Larry Bolduc has been a truck driver for more than 25 years and is now the head of the family business Transport Raoul Bolduc in Girardville, Que., in the Saguenay/Lac-St-Jean region of Canada. He also launched another business in parallel, called Électrocamion. The business plan is to convert forestry or mining trucks into hybrid diesel-electric vehicles, whether they are new or existing.
Like many inventors before him, Bolduc first tested his mechanical concepts on himself, or on his truck, we should say. His massive Kenworth C500, which he uses every day to transport freshly felled trees to processing plants, became his hybridization laboratory.
Loads of 150 tons and more
In an interview with Transport Routier, he explains that an all-electric engine was not an option for very heavy off-road transport. And when we say very heavy, we’re talking about a gross vehicle weight of between 150 and 160 tons. “You’d have to have a trailer full of batteries,” he says to illustrate the commercial non-viability of an all-electric truck that carries its payload in battery weight.
On the other hand, he mused, backing up an electric motor with a diesel engine could make the latter consume less fuel when a power surge is required, such as when climbing a hill.
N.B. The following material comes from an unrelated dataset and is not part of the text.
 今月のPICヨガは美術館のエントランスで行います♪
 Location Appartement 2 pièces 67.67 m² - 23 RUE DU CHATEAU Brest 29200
And the good thing about a slope you climb is that it inevitably comes down on the other side, allowing the batteries to be recharged through regeneration.
This regeneration also provides an estimated 240 hp of braking force, reducing wear on the service brakes as well as the engine brake. “You hardly ever use it, except when you have a really steep grade,” he says of the engine brake.
A team effort
His first discussions with the electric motor manufacturer TM4 (then part of Hydro-Québec) took place in 2009, when he was considering installing electric motors on his axles. It wasn’t until six years later, however, that the dream began to crystallize, when the folks at TM4 (now Dana-TM4) contacted him again. “It started to crystallize when the folks at TM4 made an engine and said, ‘We might have something for you.’ That really started in 2015,” he says.
The self-taught man has surrounded himself with people who could support him in his project to hybridize a truck of this size. Companies like Kenworth Quebec, to whom he turns when he has specific technical questions, researchers Jan Michaelsen and Dave Waknin of FPInnovations, LTS Marine for its first generation of batteries and the touch-screen on-board computer that manages the interaction of the diesel and electric engines, and the St-Félicien Diesel workshop for practical mechanical questions.
Based on experience with the current prototype, the contribution of the electric motor to reducing the effort of the big diesel Cummins, as well as its fuel consumption, is tangible. Asked to put a figure on these savings, he replies: “It depends on the sector. We’re looking at 12% to 15%. The more mountainous the areas, the more the regeneration savings there are.”